StemBytes(b []byte) ([]byte, error)
Zero-allocation API that stems the byte slice in-place and returns the stemmed portion as a slice. The input is converted to lowercase. Best for high-performance scenarios. Returns an error if stemming fails.
Performance
The implementation is highly optimized:
String API (convenient, with allocations)
BenchmarkStem-24 14064384 77.29 ns/op 16 B/op 2 allocs/op
Byte-Slice API (fastest, zero allocations)
BenchmarkStemBytes-24 23443530 51.85 ns/op 0 B/op 0 allocs/op
The byte-slice API (StemBytes) is ~35% faster and performs zero allocations,
making it ideal for high-performance applications.

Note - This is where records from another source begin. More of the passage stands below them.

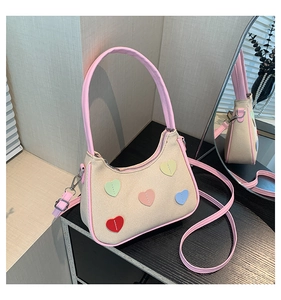 Detail of canvas shoulder bag with colorful heart patches and pink leather handles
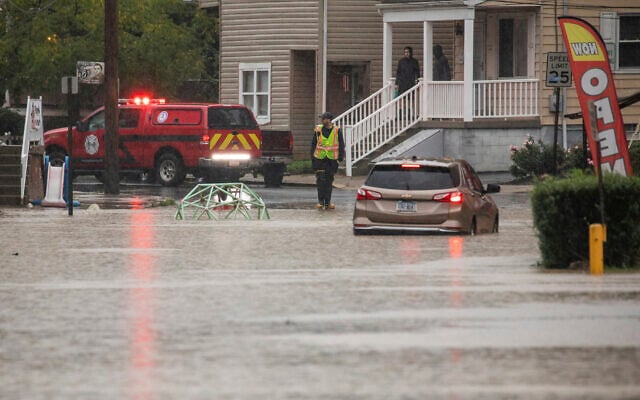 A car is stranded on a flooded street September 1, 2021, in Bridgeville, Pennsylvania. (Andrew Rush/Pittsburgh Post-Gazette via AP) A car is stranded on a flooded street September 1, 2021, in Bridgeville, Pennsylvania. (Andrew Rush/Pittsburgh Post-Gazette via AP)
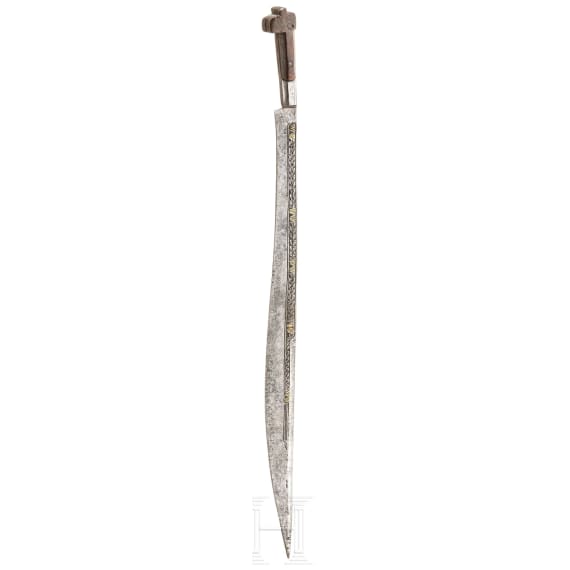 A brass-inlaid North African Flyssa knife, 19th century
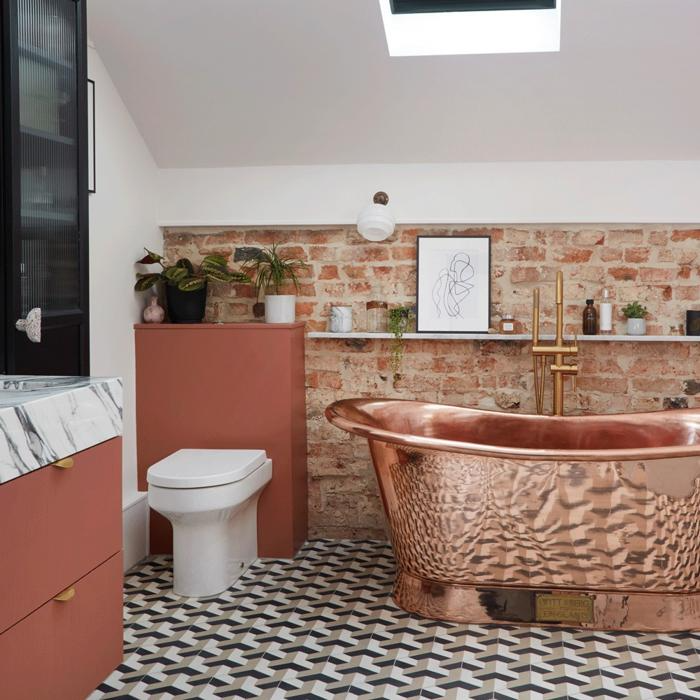 Modern bathroom with copper bathtub, brick wall, and geometric floor tiles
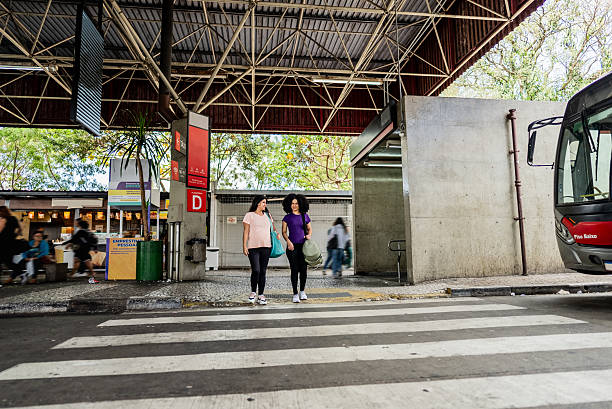 Friends talking while walking in a bus station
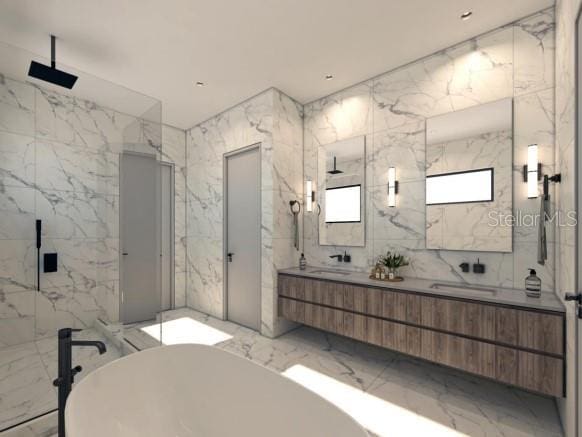 bathroom featuring marble tiled floors, a marble finish shower, a freestanding tub, and double vanity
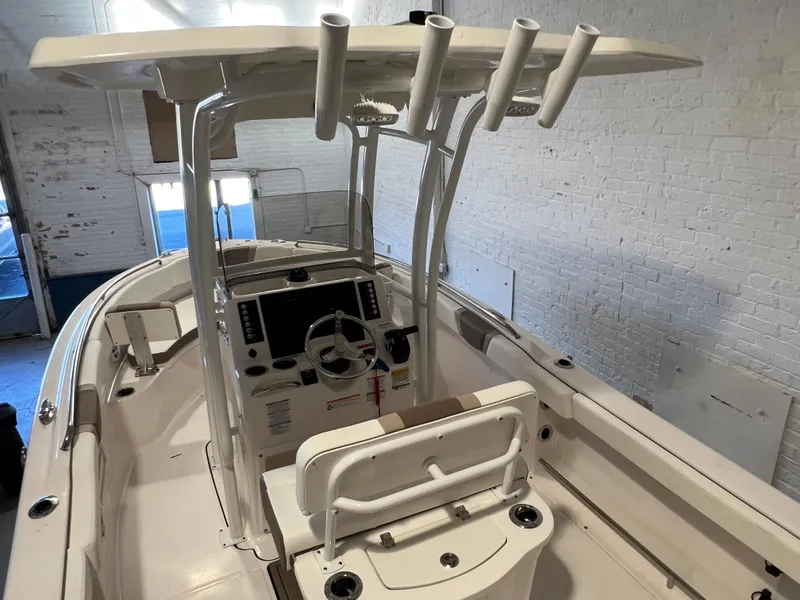 Slide: The Image of 2023 Robalo R222 Center Console boat interior with steering wheel and rod holders. - 11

Note: Error handling adds minimal overhead (~2ns) but provides explicit feedback on failures.
Limitations
- The algorithm operates on English words only. Input is automatically converted to lowercase.
- For the
Stem()function, strings are converted to byte slices internally. For zero-copy operation, useStemBytes(). - Unicode handling: The algorithm is designed for ASCII English text. Non-ASCII characters should be handled by the caller before stemming.
Development
Building
make build # Build the CLI tool make install # Install CLI to $GOPATH/bin
Running Tests
make test # Run tests make coverage # Generate coverage report make bench # Run benchmarks
Linting and Formatting
make fmt # Format code make vet # Run go vet make lint # Run golangci-lint (requires installation)
Contributing
Contributions are welcome! Please ensure:
- Tests pass:
make test - Code is formatted:
make fmt - No linting errors:
make lint
License
MIT licensed. See LICENSE file for details.